:: The task ::
Give again, exactly and only, the lines running from the one with "Rabais jusqu’à 40" to the end of the material below; leave out pictures.

:: Dataset excerpt ::

═══

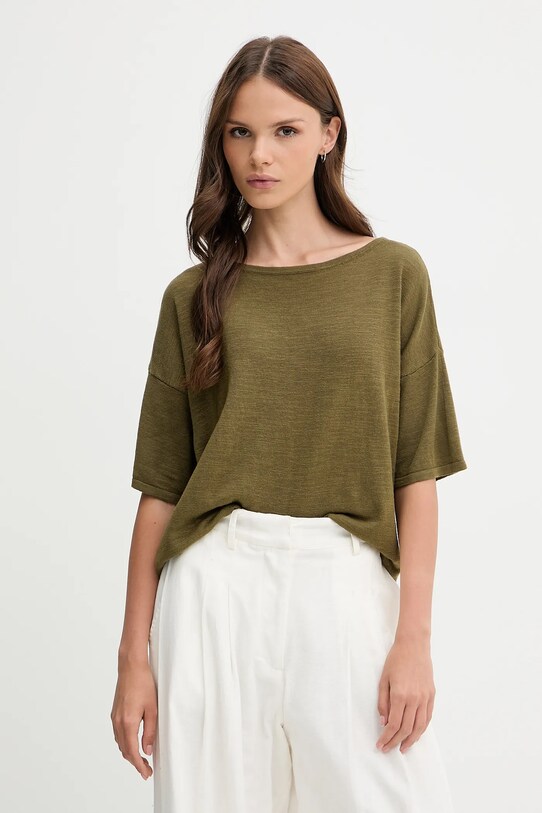Sisley t-shirt z domieszką lnu okrągły zielony 105GM106H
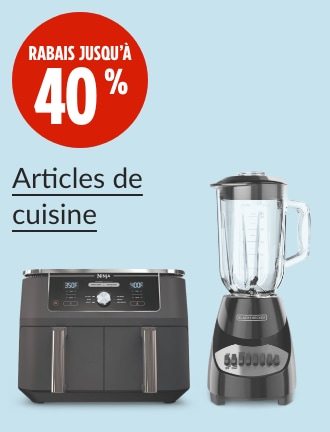 Rabais jusqu’à 40 %  Friteuse à air chaud à 2 paniers Ninja Foodi XL  Mélangeur à 10 vitesses Black & Decker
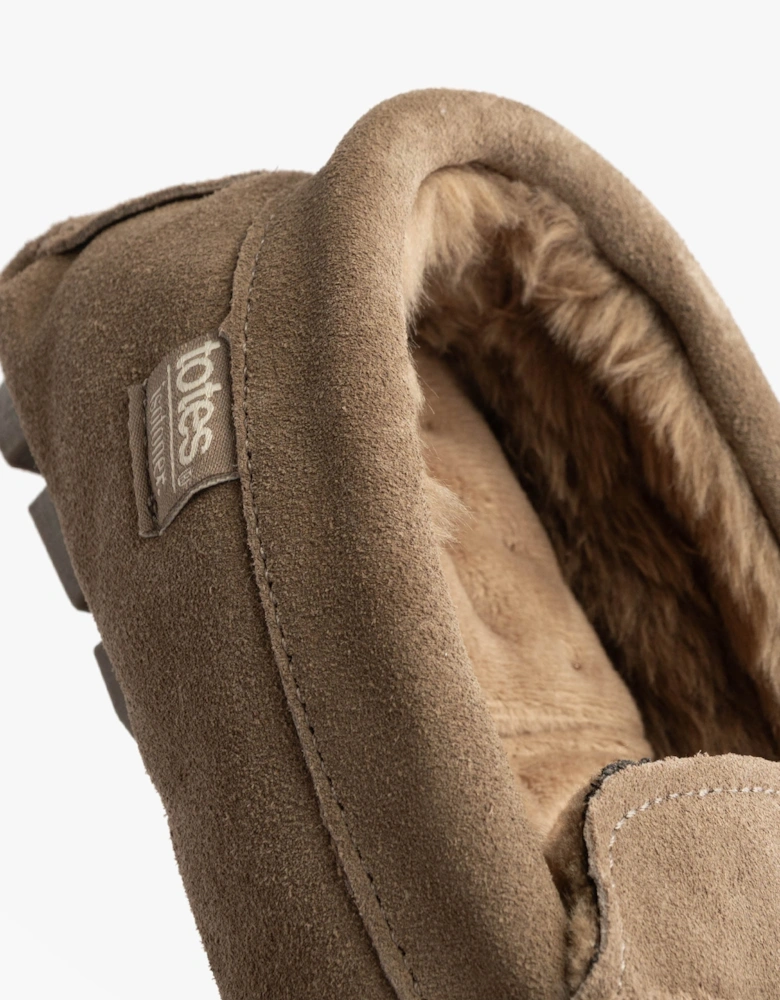 Isotoner SUEDE CLASSIC Moccasin Slippers Mens Sand
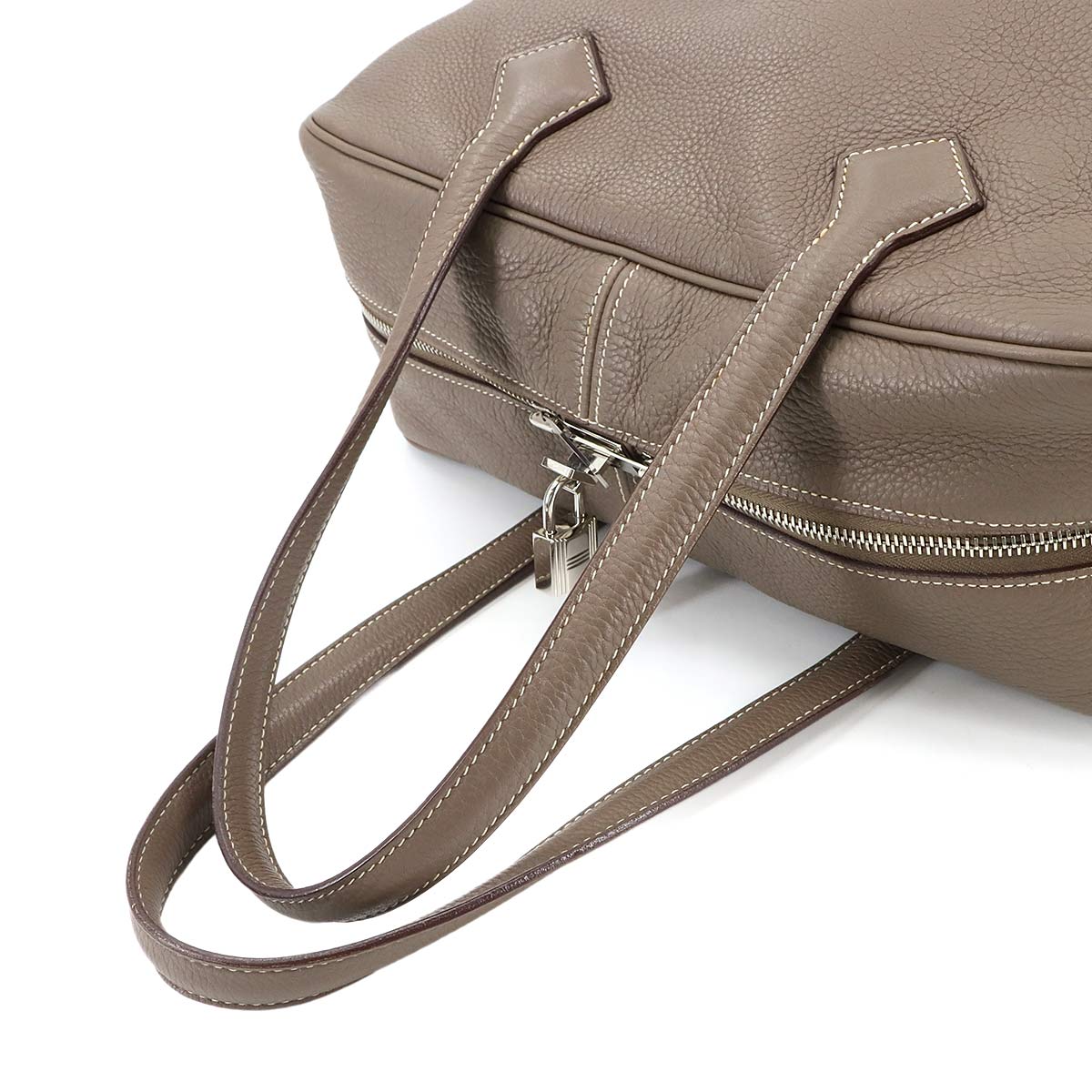 Victoria 35 Hand Bag Taurillon Clemence Leather Etoupe Purse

═══

:: Answer space ::
 Rabais jusqu’à 40 %  Friteuse à air chaud à 2 paniers Ninja Foodi XL  Mélangeur à 10 vitesses Black & Decker
 Isotoner SUEDE CLASSIC Moccasin Slippers Mens Sand
 Victoria 35 Hand Bag Taurillon Clemence Leather Etoupe Purse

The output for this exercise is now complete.